Exploring Lake Wakitipu with kids
The Z-shaped Lake Wakatipu is the jewel of Queenstown. Carved by glacial forces 15,000 years ago, Wakatipu is the third largest lake in New Zealand. It’s also the longest at 84 kilometres and incredibly deep, measuring 420 metres at its deepest point. The lake is said to have its own ‘heartbeat’ as it rises and falls by about 20cm every 27 minutes. There are plenty of ways to see and explore the lake, and we did our best to try them all.
He said: “Queenstown is located on the edge of Lake Wakitipu, the third largest lake in New Zealand. The lake is shaped like a lightning bolt, which is quite Harry Potter, but it actually starred as the backdrop for several scenes in The Lord of the Rings. There’s loads to do on the lake, from jetboating and paragliding to paddle boarding and walks, but we really enjoyed cycling around it on bikes we rented from our hotel, The Rees. We also really enjoyed a scenic cruise on the TSS Earnslaw, a vintage coal-fired steamship that’s really cool. It even made a cameo in the movie Indiana Jones and the Kingdom of the Crystal Skull as an Amazon River boat. The cruise took us to Walter Peak High Country Farm where we got to enjoy afternoon tea and meet and pet some of the farm’s friendliest residents including a trio of cattle dogs, alpacas, and a couple of rather slobbery Scottish Highland Cattle.”
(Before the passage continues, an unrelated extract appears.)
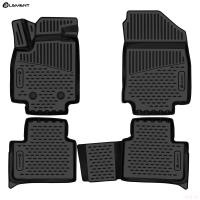 Коврики 3D салона для Haval H3 (2024-2025) № ELEMENT3DA71210210k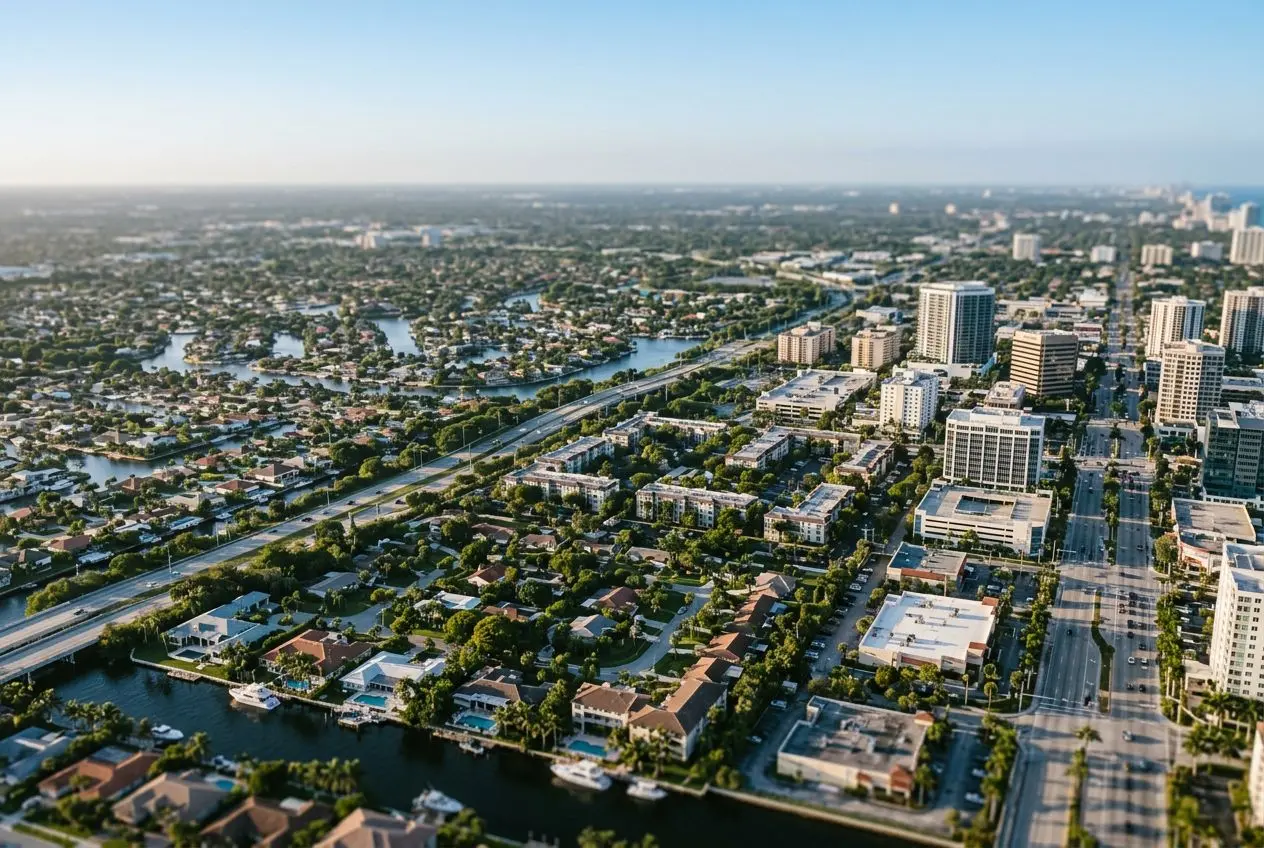 Balancing Residential and Commercial Property Investments in South Florida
She said: “I really loved cycling around the lake on bicycles we got from The Rees, because it was so pretty. I also liked playing with the ducks on the lake but saw the weirdest thing ever one morning when a man took off all his clothes, except his speedos, and jumped in to the freezing cold water, while it was snowing. Brrrrrrr. The best way to see the lake was by boat though. We went on the TSS Earnslaw, which is really old, and we could go into its engine room. It took us past pretty snow-capped mountains all the way to Walter Peak High Country Farm where we ate yummy scones and got to play with lots of farm animals and I made best friends with a cattle dog who I really loved so much.”